**Problem description**. Read through the listing below, and copy every line where the string "Mint" appears.

**Entries shown**.
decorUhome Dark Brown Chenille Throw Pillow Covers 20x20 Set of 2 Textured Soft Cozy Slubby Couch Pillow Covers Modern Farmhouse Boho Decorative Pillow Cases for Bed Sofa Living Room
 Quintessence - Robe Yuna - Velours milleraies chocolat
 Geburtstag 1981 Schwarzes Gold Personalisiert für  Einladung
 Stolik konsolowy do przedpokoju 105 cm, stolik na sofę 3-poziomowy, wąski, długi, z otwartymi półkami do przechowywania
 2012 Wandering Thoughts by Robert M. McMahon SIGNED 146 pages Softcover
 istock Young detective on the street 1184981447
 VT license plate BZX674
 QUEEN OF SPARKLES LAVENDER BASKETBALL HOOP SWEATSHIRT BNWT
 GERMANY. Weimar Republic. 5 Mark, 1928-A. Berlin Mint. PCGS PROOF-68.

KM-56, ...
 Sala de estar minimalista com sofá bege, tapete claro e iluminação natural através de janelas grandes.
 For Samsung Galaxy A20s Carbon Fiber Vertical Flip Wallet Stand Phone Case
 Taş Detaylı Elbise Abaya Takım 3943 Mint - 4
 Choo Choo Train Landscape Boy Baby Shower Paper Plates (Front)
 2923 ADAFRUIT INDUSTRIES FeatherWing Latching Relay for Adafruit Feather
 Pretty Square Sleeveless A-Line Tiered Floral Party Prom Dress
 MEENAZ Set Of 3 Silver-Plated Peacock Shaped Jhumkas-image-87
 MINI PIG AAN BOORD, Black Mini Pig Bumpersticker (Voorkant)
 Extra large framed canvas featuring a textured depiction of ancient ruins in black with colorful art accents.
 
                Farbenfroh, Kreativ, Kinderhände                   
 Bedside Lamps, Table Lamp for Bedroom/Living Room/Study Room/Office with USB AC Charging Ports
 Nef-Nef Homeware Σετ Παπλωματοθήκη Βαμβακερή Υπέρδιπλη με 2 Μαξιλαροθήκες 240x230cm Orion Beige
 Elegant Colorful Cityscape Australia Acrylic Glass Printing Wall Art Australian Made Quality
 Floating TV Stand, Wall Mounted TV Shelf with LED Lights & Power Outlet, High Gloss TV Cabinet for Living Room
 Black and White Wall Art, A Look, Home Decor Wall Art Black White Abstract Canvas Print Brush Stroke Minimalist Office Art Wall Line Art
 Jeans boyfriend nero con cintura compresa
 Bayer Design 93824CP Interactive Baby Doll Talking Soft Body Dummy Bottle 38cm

**Your solution**.
 GERMANY. Weimar Republic. 5 Mark, 1928-A. Berlin Mint. PCGS PROOF-68.
 Taş Detaylı Elbise Abaya Takım 3943 Mint - 4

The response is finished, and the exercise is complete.